- _DATA PROVIDED_
—————

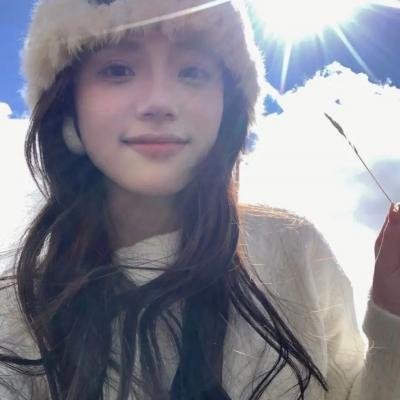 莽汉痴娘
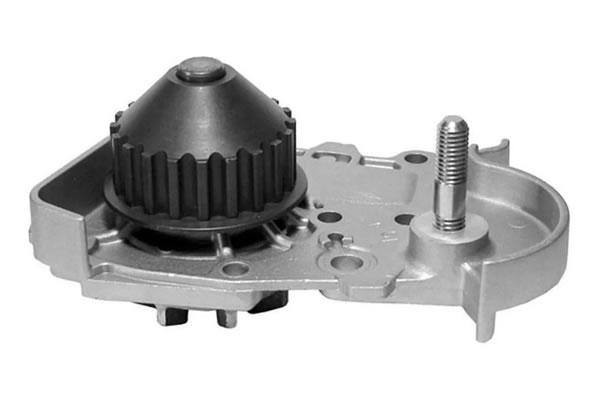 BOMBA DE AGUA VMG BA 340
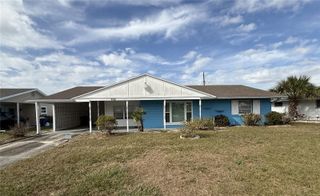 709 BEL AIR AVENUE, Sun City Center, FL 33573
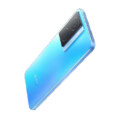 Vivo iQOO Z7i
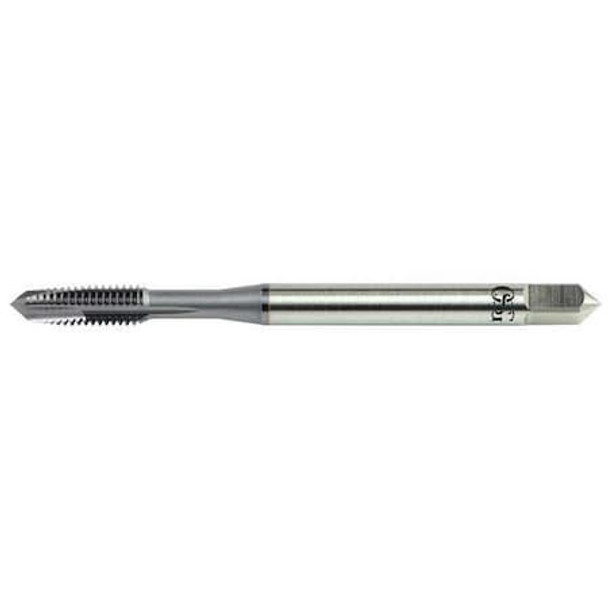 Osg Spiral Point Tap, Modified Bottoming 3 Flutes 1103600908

—————

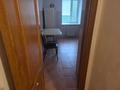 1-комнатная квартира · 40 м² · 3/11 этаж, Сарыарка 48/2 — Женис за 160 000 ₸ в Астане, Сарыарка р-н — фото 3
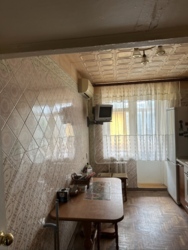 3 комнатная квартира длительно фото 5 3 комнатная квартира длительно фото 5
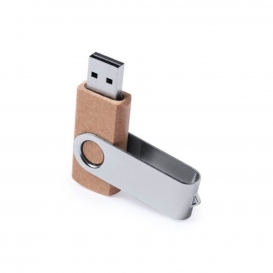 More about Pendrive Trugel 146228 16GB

—————

- _WHAT THIS TASK INVOLVES_
What's needed is an exact copy of the lines above from the one with "3 комнатная квартира длительно фото 5 3" through the one with "More about Pendrive Trugel 146228 16GB", both included; the pictures stay out.

- _EXERCISE RESPONSE_
 3 комнатная квартира длительно фото 5 3 комнатная квартира длительно фото 5
 More about Pendrive Trugel 146228 16GB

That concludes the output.